Friday, October 9th, 2009

bouneschluppWhile chatting with a friend the other day over lunch, the conversation turned to travel-- where we've been, where we'd like to go, etc.

"Have you ever been abroad?" I asked my friend in a tone not unlike a half-soused society matron at a garden party. He nodded. I was expecting him to mention one of the usual places one goes to expand one's global horizons, like France, or Italy, or Japan.

"Well, I lived in Luxembourg for three years."

This wasn't the answer I had expected, which both threw me and delighted me at the same time.

"Luxembourg? Seriously?" I had to admit that, over the past forty years, I had never given that country the time of day, except perhaps in thinking that it's name gave the Benelux countries a decidedly luxurious ring.

And all of a sudden, I needed to know more about the last remaining Grand Duchy in existence. "Do they have their own language or do they speak French or German? Are they called Luxembourgeois? Do they look like regular Europeans with ten fingers and ten toes and whatnot?" And, lastly, since this was lunch and I was very hungry, "What do people in Luxembourg eat?

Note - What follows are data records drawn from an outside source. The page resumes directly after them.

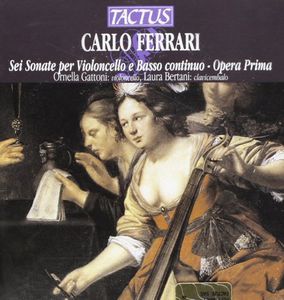 Cello Sonatas Op 1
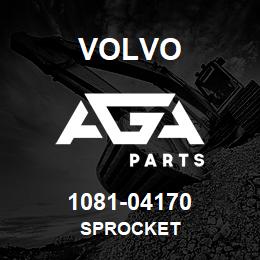 1081-04170 Volvo SPROCKET | AGA Parts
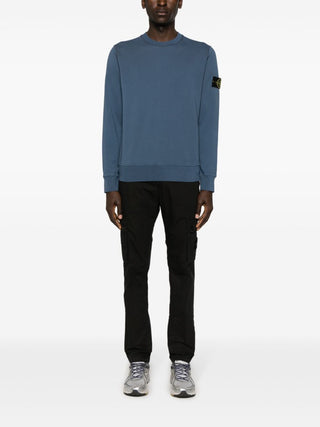 Stone Island Sweaters Blue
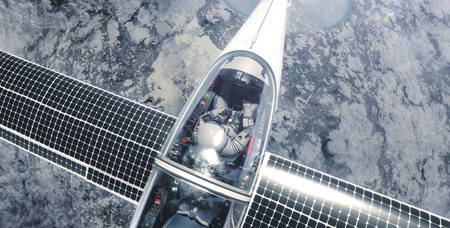 solarstratos, звезда, стратосфера, полет, скафандр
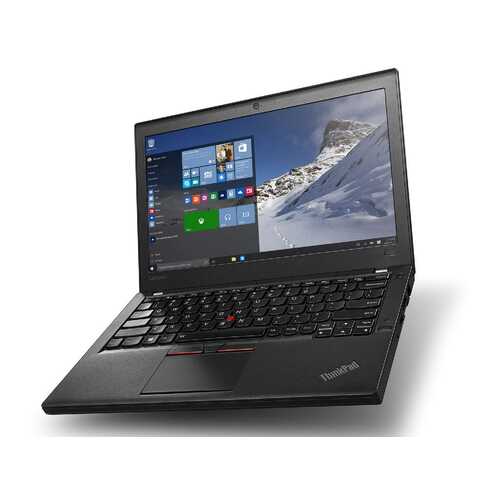 Lenovo ThinkPad X260 Laptop Intel i5-6200U 8GB RAM 500GB HDD 12.5" Win 10 Pro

My questions were patiently answered. They do speak French and German, but they have their own, distinct language-- Luxembourgish. By the sound of things, however, the Luxembourgeoisie weren't above borrowing the occasional cup of nouns from their neighbors.

The people, who look rather normal by European standards so I am told, are called Luxembourgers, and they eat very well, thank you very much.

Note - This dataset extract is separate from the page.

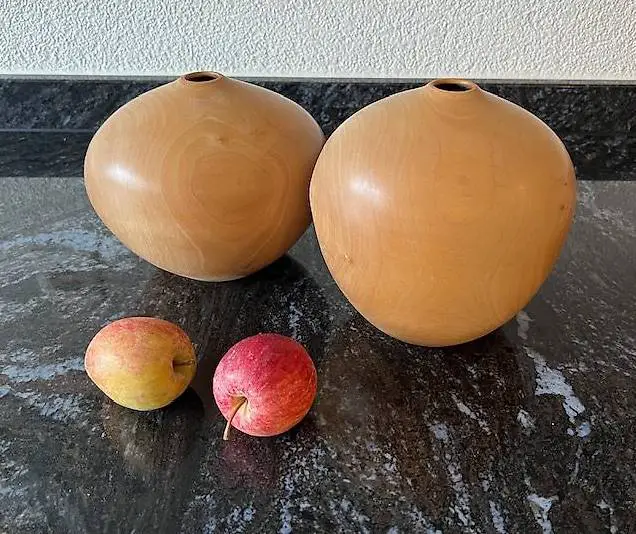 Ahorn Holz Kunst Objekte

"Is there a national dish?" I asked, which is a foolish question, given the fact that even the French or the Greeks or the Japanese would have trouble coming up with their own.

"Well, there's Bounen," he said. The sound that came out of his mouth was neither "boon-in" nor "bone-in", but somewhere in between. "Basically, it's beans and ham." When I asked him how to spell it, he told me he was uncertain, since no Luxembourger he knew could spell it either.

And so, there we were, waiting at the bar for a table on a busy Saturday afternoon, talking about Luxembourg. A glass of wine at my elbow, and interesting fellow to talk to, and a Cole Porter tune running through my head.

"Well, I guess I know what I'm writing about this week," I said.

So here I am, writing about Bounen.

The dish itself is not called Bounen, but Bouneschlupp-- Bounen is simply the Luxembourgish (Luxembourgers, please correct me if I am wrong on this and I will gladly update) word for beans. In this case, green beans. Bouneschlupp-- green bean soup. With potatoes, bacon, and onions. To put it into terms that I could easily understand, from a cooking standpoint, at least, it's a chowder-- green bean chowder.

It might not be as elegant or interesting as other Luxembourger fare like Quetscheflued (plum tart) or Haam am Hée (Ham in hay-- I really wanted to try this one, but hay is hard to come by on short notice). It's hearty and, in the wrong hands, downright homely, but it is immensely satisfying.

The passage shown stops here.